Tokyo-Nagoya Algebra Special Seminar

Monday 10:30 ~ 12:00 at A328

Monday 14:45 ~ 16:15 at B114

Rigidity of bricks and brick-Brauer-Thrall conjectures

In these talks, I try to accomplish two goals: First, to give a summary of some new developments in the study of bricks and their connections to several open problems/conjectures in $\tau$-tilting theory, stability conditions and related topics. Second, to share some concrete problems that can be viewed as the middle steps towards a systematic treatment of these conjectures. These talks will be primarily based on my earlier work in my PhD thesis and a series of recent joint papers with Charles Paquette. Our treatment of bricks relies on the fruitful interplays between the algebraic and geometric aspects of representation theory of finite dimensional algebras. While doing so, we revisit some classical notions and problems (such as generic modules and the celebrated Brauer-Thrall conjectures) and then use some new results on the behavior of bricks to give new characterizations of some classical families of algebras and study their modern counterparts.

Wednesday 09:30 ~ 11:00 at A358

Wednesday 11:30 ~ 13:00 at A358

Semistable torsion classes and canonical decompositions in Grothendieck groups

We study two classes of torsion classes which generalize functorially finite torsion classes, that is, semistable torsion classes and morphism torsion classes. Semistable torsion classes are parametrized by the elements in the real Grothendieck group up to TF equivalence. We give a close connection between TF equivalence classes and the cones given by canonical decompositions of the spaces of projective presentations due to Derksen-Fei. More strongly, for E-tame algebras and hereditary algebras, we prove that TF equivalence classes containing lattice points are exactly the cones given by canonical decompositions. One of the key steps in our proof is a general description of semistable torsion classes in terms of morphism torsion classes. If time permits, we will answer a question by Derksen-Fei negatively by giving examples of algebras which do not satisfy the ray condition, and also give an explicit description of TF equivalence classes of preprojective algebras of affine type A.

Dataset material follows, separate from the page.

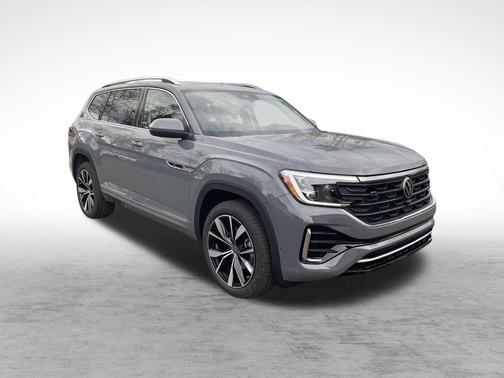 2026 Volkswagen Atlas 2.0T SEL Premium R-Line 4MOTION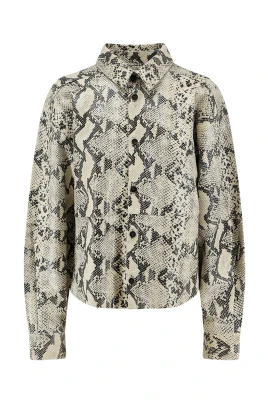 Camicia Python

Wednesday 14:30 ~ 16:00 at GSM 552

Wednesday 16:15 ~ 17:45 at GSM 552

Interval neighborhoods of silting cones

In the study of 2-term (pre)silting complexes for a finite-dimensional algebra, silting cones and the wall-chamber structure given by stability conditions in the real Grothendieck group are strong tools. To use them more efficiently, I defined the interval neighborhood of each silting cone, and proved that the local wall-chamber structure inside the interval neighborhood of each silting cone recovers the whole wall-chamber structure for the algebra appearing in the $\tau$-tilting reduction of Jasso at the corresponding 2-term presilting complex. In joint work with Osamu Iyama, we investigated interval neighborhoods more deeply. I would like to explain some of our representation-theoretical and combinatorial results on interval neighborhoods in my talks.